The defendant continued to further testify that after the trial of the case, during which he had been charged with fraud by the attorney representing the plaintiff, he continued the search, testifying in detail as to its thoroughness and into every place where the check might have been found; finally, coming to the finding of the check, he testified as follows: "We were working together. We went through my wife's desk. We went through her desk, went through the top part of it and all and then we got down — it has a little drawer on the underside, and it was full of papers, and we took out every paper in there and finally we got everything out. There was a check book down in the bottom of this drawer, and in that check book — it was just the stubs, you know, a used book, just the stubs of the book — and in that thing were three checks, and this was one of them — (the five hundred dollar check in question)."

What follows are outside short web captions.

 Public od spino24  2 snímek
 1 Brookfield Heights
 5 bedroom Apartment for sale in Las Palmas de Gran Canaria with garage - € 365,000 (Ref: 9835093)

He further testified that he was not in the habit of filing his canceled checks in this place, that the stub check book referred to was not a book of the bank on which that check was drawn, it was a different bank; the check being drawn on a Florida bank and the stub book being that of a Birmingham bank.

The check was then introduced as evidence, disclosing on its face that it went to the credit of the plaintiff on the books of Pease-Powell Corporation in West Palm Beach, Fla.

It further appears from the evidence that the check had in some way gotten into the desk of defendant's wife and among her papers, where it was not natural for him to look in trying to find the check.

The order of the court in granting the motion for the new trial is based upon the discovery of this new evidence — "which the court considers material, warrants the granting of this motion."

We are of the opinion that the evidence discloses all the diligence that is required necessary for a predicate in the introduction of newly discovered evidence, and the only question for us to determine is to whether or not the check is merely cumulative of the testimony which had been given on the main trial.

In the case of Mullong v. Mullong, 178 Iowa 552,159 N.W. 994, 995, in a case in all respects similar to the case at bar, the Iowa court, after holding facts testified to as being a sufficient predicate, held: "Cumulative testimony is testimony of the same kind and to the same point. The testimony does go to the same point; that is to the fact of payment, but it is not of the same *Page 103 kind. The testimony adduced at the trial was oral, and directed to the fact of payment, giving the circumstances thereof; the newly discovered testimony is written, and amounts, if the receipt is genuine, to an admission on the part of plaintiff that he did receive the money from defendant. Manifestly the newly discovered testimony was not cumulative."

To the same conclusion is the case of Bullard v. Bullard,112 Iowa 423, 84 N.W. 513; Guth v. Bell, 153 Iowa 511,133 N.W. 883, 42 L.R.A., N.S., 692, Ann.Cas. 1913E, 142; Smith v. Smith,160 Iowa 111, 140 N.W. 659; to which may be added as persuasive of the proposition, West Virginia Land Co. v. May, 166 Ala. 127,52 So. 315; 46 Corpus Juris, 257. From all of which we conclude that cumulative evidence is of the same kind and character, and where the newly discovered evidence is of a higher type or character, it cannot be classed as merely cumulative so as to prevent a trial judge from basing his action in granting a new trial for and on account thereof.

The foregoing has been written in response to the earnest insistence of appellant's counsel on application for rehearing. But it is written in full concurrence with the statement on this point appearing in the opinion of RICE, Judge, on the original submission.

The opinion is extended, and the application for rehearing is overruled.